Networked γ′ in additively manufactured cobalt-based superalloy through dislocation cell-templated precipitation

The cobalt-based γ′-strengthened superalloy shows great promise across various sectors, including power generation and aerospace. Laser powder bed fusion (LPBF) technology is well-suited to meet the requirements for superalloys with strong textures or single-crystal microstructures. However, post-processing often leads to recrystallization, altering the desired microstructure. In this study, we propose the dislocation cell-templated precipitation (DCP) method, which utilizes the elemental segregation at the high-density dislocation cell walls inherent in LPBF to control three-dimensional morphological evolution of γ′ phases. This process results in a unique networked γ′ structure in a newly developed cobalt-based superalloy (49Co-30Ni-10Al-5V-4Ta-2Ti at%), which is distinctly different from the conventional cubic γ′ phase morphology observed in cast samples.
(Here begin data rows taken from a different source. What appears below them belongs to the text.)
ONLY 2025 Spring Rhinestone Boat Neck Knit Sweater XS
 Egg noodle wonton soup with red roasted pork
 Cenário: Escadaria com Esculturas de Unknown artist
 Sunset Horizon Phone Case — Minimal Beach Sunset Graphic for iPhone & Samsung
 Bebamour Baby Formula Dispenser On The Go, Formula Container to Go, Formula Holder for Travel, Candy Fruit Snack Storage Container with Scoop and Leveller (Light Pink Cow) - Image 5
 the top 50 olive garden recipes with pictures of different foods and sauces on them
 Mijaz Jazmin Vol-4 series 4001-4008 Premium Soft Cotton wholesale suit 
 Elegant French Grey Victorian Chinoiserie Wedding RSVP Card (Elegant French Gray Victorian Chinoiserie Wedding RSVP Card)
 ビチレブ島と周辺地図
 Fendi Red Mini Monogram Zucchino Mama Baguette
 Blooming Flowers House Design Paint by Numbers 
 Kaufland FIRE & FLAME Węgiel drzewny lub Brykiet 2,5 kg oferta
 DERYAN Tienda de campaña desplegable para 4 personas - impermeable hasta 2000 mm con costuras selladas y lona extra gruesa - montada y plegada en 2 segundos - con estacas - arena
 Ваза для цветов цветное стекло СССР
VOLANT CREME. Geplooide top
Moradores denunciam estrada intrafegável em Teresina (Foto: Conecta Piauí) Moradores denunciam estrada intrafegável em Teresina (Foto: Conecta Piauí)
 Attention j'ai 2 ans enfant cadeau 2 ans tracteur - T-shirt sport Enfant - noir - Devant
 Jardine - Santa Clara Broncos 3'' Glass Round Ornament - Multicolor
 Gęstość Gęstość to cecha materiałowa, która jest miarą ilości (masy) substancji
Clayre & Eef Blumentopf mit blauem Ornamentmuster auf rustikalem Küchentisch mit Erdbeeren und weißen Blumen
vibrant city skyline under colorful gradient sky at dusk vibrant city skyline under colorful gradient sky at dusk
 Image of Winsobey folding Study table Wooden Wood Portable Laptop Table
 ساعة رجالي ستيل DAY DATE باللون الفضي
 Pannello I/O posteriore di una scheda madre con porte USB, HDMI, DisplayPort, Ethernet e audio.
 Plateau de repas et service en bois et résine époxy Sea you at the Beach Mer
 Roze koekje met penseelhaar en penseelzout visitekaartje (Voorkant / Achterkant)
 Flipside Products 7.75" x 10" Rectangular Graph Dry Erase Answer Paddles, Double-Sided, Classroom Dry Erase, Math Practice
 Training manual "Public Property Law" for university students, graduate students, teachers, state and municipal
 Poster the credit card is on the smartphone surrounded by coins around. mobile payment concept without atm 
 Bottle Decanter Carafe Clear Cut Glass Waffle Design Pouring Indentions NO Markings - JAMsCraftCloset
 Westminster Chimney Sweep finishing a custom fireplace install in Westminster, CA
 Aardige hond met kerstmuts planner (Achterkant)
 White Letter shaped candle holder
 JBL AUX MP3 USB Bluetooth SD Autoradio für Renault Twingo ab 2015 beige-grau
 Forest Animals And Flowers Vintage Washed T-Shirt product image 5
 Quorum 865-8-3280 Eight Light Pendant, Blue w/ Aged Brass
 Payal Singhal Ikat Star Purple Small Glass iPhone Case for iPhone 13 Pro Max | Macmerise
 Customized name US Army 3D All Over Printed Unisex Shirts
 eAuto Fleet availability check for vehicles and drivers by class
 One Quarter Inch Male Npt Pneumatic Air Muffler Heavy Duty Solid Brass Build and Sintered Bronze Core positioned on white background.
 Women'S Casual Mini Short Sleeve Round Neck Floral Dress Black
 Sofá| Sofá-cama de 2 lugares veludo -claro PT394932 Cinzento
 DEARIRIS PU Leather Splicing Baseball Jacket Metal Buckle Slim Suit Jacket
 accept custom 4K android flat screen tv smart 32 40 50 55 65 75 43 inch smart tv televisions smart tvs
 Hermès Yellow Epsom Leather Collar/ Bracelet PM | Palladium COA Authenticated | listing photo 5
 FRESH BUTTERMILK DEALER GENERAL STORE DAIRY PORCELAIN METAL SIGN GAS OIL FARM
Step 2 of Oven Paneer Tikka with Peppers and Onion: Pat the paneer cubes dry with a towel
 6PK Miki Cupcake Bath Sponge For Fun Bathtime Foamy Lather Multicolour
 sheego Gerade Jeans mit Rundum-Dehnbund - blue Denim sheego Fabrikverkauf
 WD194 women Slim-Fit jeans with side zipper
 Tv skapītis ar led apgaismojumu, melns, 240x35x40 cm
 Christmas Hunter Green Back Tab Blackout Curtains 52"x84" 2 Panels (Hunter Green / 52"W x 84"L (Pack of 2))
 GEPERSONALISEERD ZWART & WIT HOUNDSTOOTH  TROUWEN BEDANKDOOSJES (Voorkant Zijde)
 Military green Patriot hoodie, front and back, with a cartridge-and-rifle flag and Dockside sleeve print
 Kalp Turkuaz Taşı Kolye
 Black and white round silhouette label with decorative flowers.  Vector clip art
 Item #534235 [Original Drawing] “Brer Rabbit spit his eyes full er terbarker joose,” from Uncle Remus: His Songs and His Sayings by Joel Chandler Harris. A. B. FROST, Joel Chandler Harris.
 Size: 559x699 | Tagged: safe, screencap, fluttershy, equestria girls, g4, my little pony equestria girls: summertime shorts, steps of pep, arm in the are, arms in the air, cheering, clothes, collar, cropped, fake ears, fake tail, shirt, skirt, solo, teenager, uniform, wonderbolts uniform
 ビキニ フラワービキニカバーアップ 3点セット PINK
Compared with the conventional cubic γ′ morphology in cast alloys, the networked γ′ structure exhibits significantly enhanced strength at both room and elevated temperatures. Furthermore, the networked γ′ structure shows excellent thermal stability, retaining its morphology and columnar grains after 120 ​h at 1000 ​°C, without forming detrimental phases. These findings offer new insights into the microstructural engineering of LPBF-manufactured superalloys.